- Active: 1941–1944
- Country: Finland
- Branch: Army
- Type: Division
- Engagements: Continuation War Operation Arctic Fox; Vyborg–Petrozavodsk offensive; ; Lapland War Battle of Tornio; ;

= 3rd Division (Finland) =

The 3rd Division (3. Divisioona) was a unit of the Finnish Army during the Continuation War. It initially fought in the northern Finland, participating in the Finno-German Operation Arctic Fox. In 1944, it was transferred to the Karelian Isthmus to defend against the Soviet Vyborg–Petrozavodsk offensive. Following the Moscow Armistice in 1944, the division was moved to Oulu and participated in the Lapland War.

==History==
The 3rd Division was the main component of the Finnish III Corps. During the war, the division fought mostly in the Ukhta and Kestenga area, where it participated in Operation Arctic Fox, the Finno-German drive towards the Murmansk railway. During this operation, the division was split into two groups, Group J (Ryhmä J) and Group F (Ryhmä F). Observing the speed of advance of the III Corps, the Germans reinforced Group J with a regiment-sized element of SS-troops. The division's advance was eventually halted after the Soviet 88th Rifle Division entered the area.

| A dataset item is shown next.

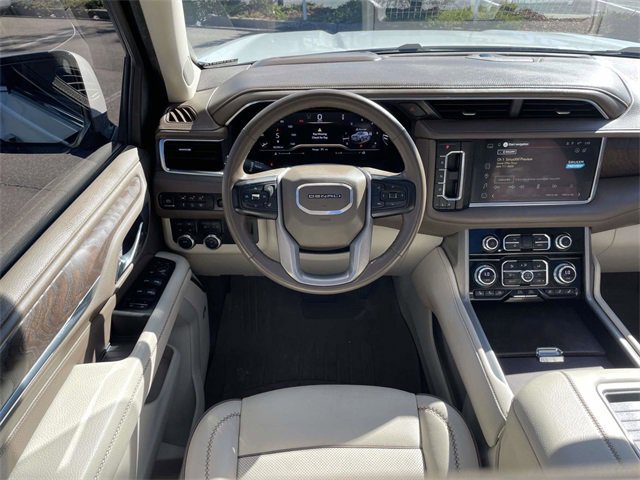 Used 2023 GMC Yukon Denali image 14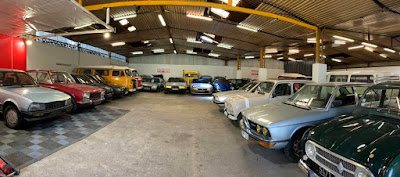 AC-YOUNGTIMER à Saint-Jean-d'Illac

In 1944 the division was transferred to the Karelian Isthmus, where it participated in the Finnish defense against the Soviet Vyborg–Petrozavodsk offensive. During this time, the division was temporarily reinforced with the 6th Separate Battalion (Erillispataljoona 6). Formed originally by the Germans as 664th Eastern Battalion, the battalion consisted of volunteering, non-prisoner-of-war, Ingrian Finns.

Following the Moscow Armistice in 1944, the division was moved to Oulu. As part of the Lapland War against Germany, the division's Infantry Regiment 11 conducted a landing in Tornio in the morning of October 1st, 1944. Following a successful landing, the regiment was reinforced the next day by Infantry Regiment 53, also from the 3rd Division. From Tornio, the division advanced to Rovaniemi and onward to Muonio where it was disbanded.